## EXERCISE AIM
Beneath this line are entries. Copy the range from the line with "B&B La Rinascita" to the line with "garden suite in", ends included, exactly; leave pictures out.

## INPUT DATA
───
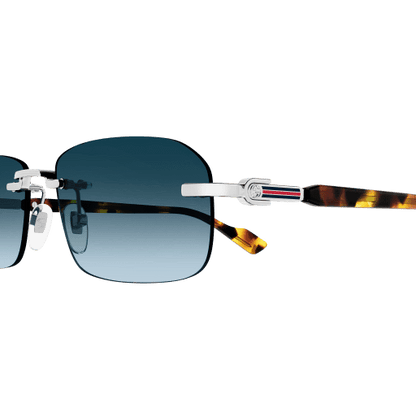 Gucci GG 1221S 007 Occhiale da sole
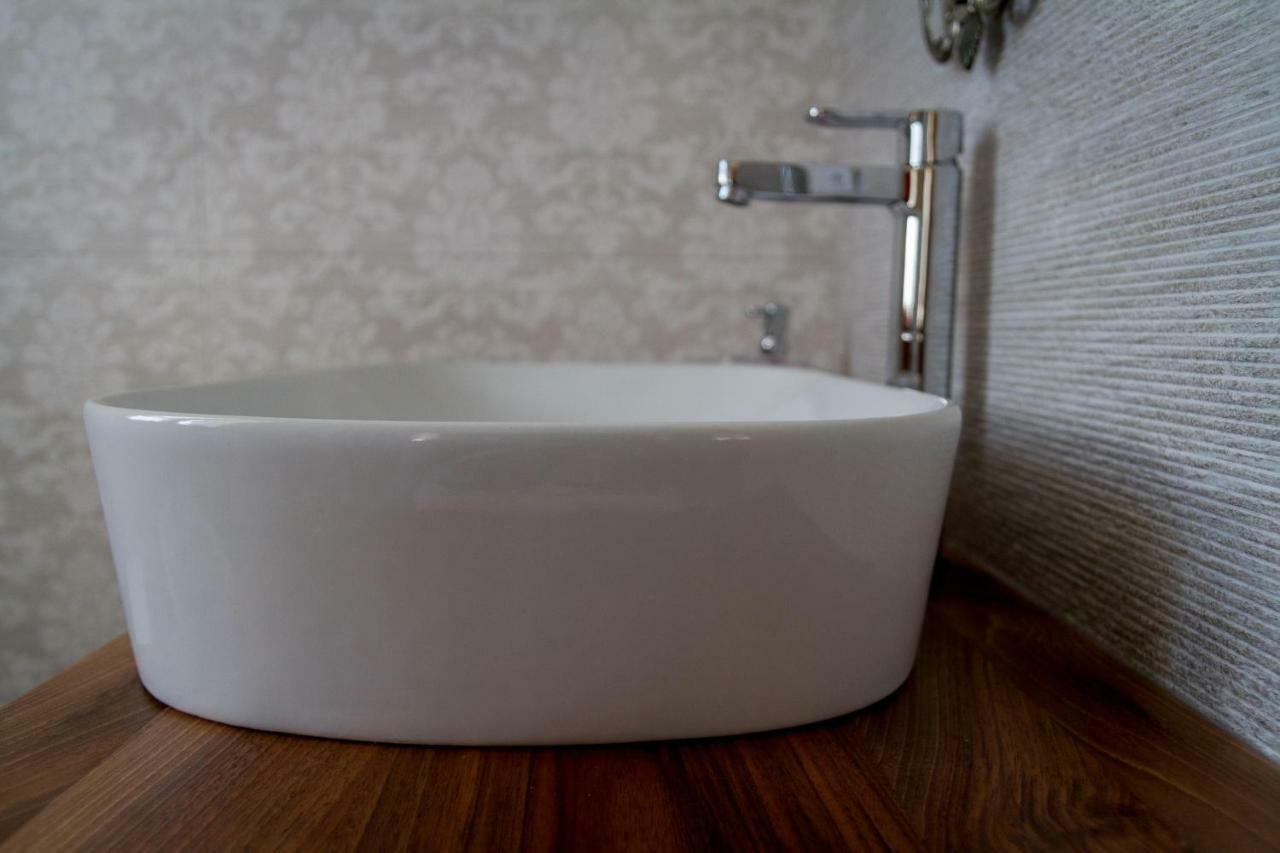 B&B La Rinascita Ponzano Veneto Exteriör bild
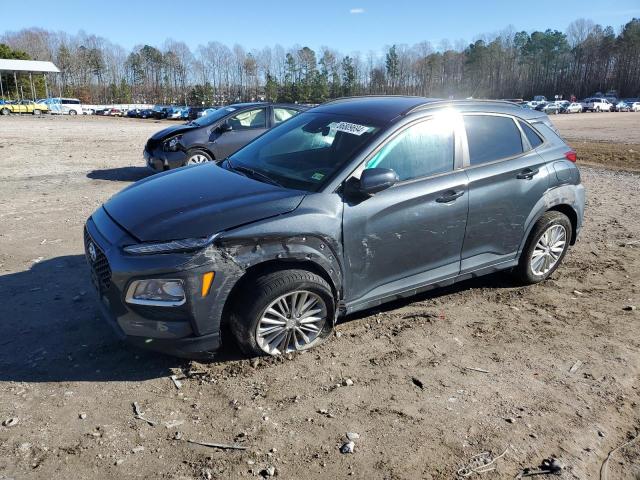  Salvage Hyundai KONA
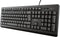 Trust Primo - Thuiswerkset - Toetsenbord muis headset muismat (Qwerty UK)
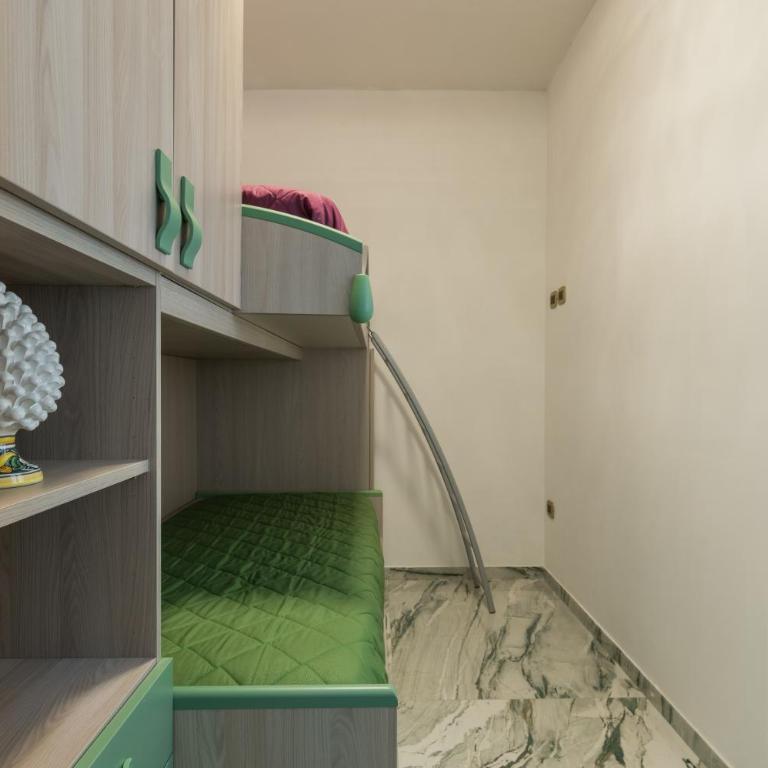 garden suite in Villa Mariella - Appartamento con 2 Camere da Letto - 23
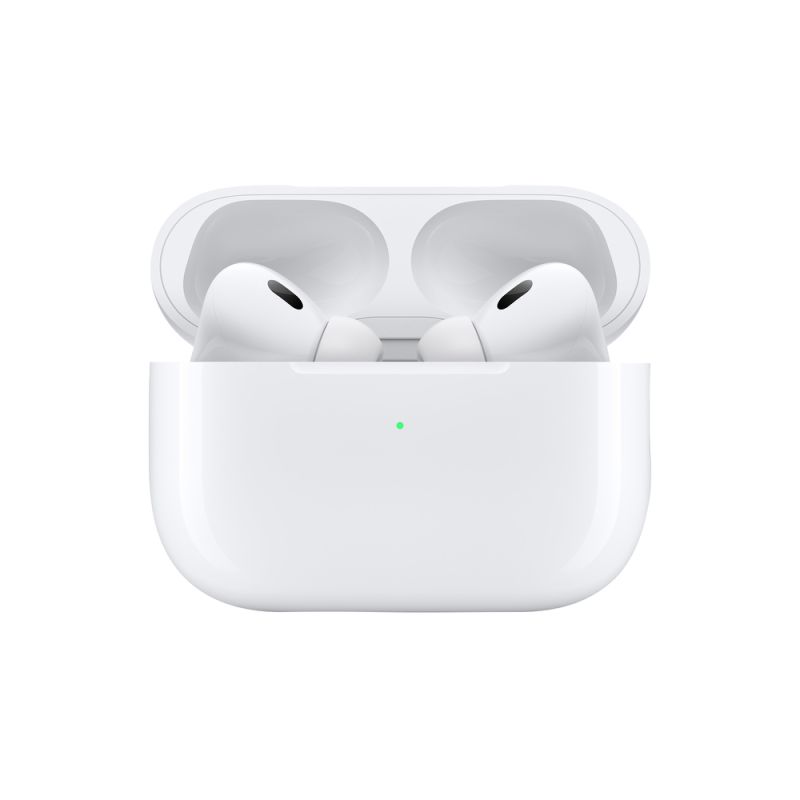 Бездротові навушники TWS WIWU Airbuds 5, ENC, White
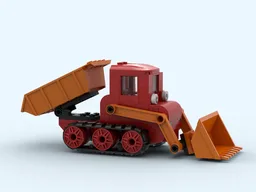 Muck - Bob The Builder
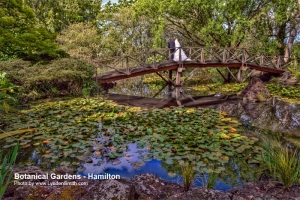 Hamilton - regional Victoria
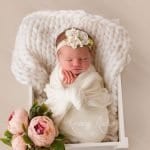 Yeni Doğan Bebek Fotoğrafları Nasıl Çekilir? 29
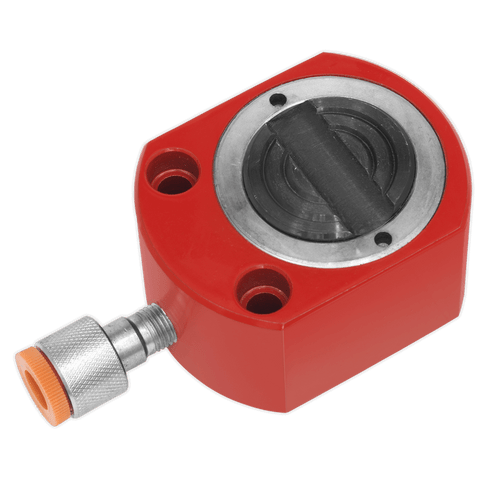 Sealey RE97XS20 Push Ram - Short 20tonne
───
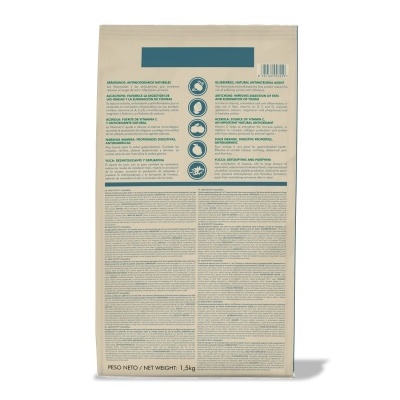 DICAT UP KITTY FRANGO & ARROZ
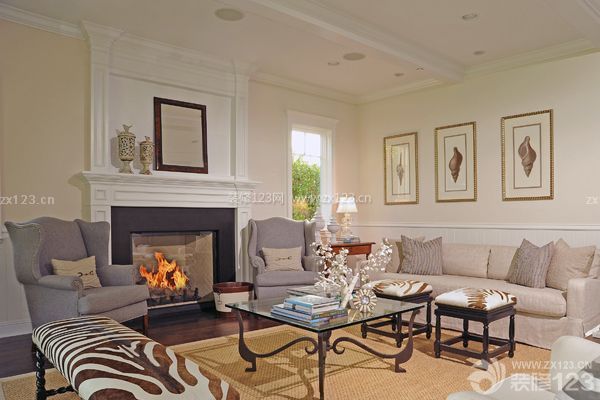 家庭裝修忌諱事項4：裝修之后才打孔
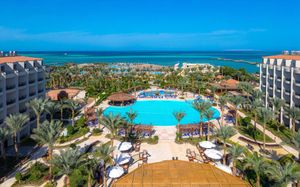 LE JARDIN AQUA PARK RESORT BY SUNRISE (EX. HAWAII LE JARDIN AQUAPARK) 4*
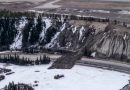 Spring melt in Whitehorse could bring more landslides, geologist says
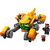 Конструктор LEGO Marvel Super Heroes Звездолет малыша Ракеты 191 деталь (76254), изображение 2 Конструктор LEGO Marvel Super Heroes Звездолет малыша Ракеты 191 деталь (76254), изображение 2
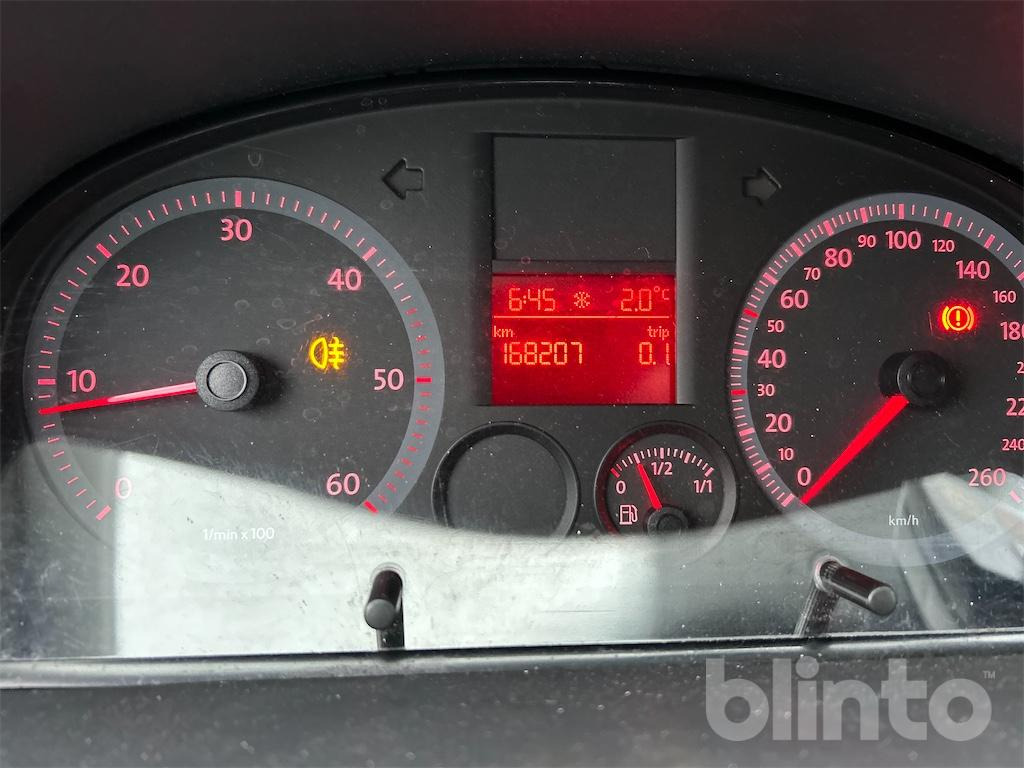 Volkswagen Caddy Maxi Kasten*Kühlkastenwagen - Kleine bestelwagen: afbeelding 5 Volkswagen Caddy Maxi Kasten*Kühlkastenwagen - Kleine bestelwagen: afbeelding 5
───
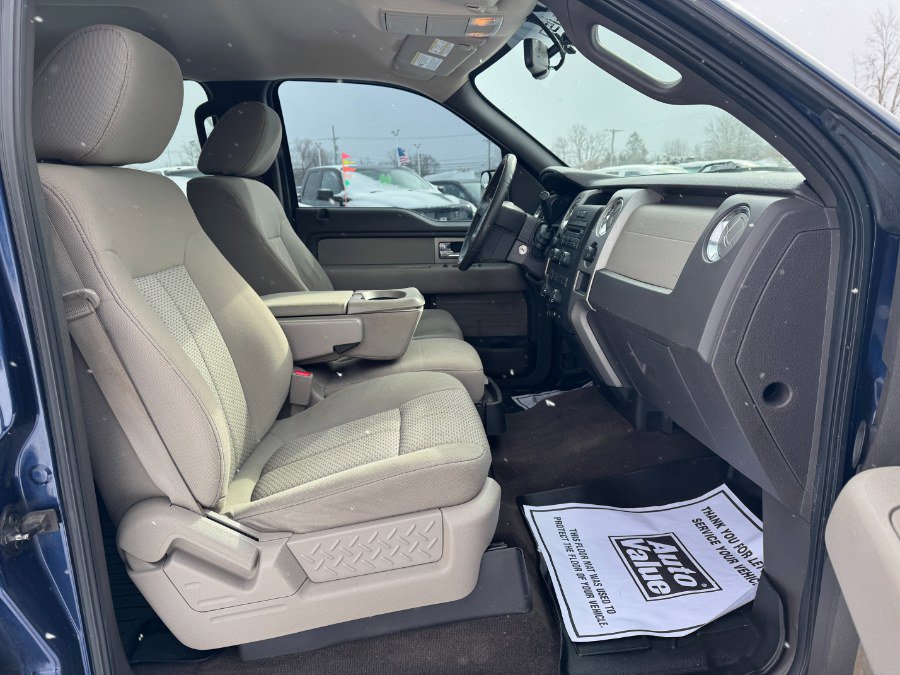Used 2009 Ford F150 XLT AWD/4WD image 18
───
## THE COMPLETED TASK
 B&B La Rinascita Ponzano Veneto Exteriör bild
  Salvage Hyundai KONA
 Trust Primo - Thuiswerkset - Toetsenbord muis headset muismat (Qwerty UK)
 garden suite in Villa Mariella - Appartamento con 2 Camere da Letto - 23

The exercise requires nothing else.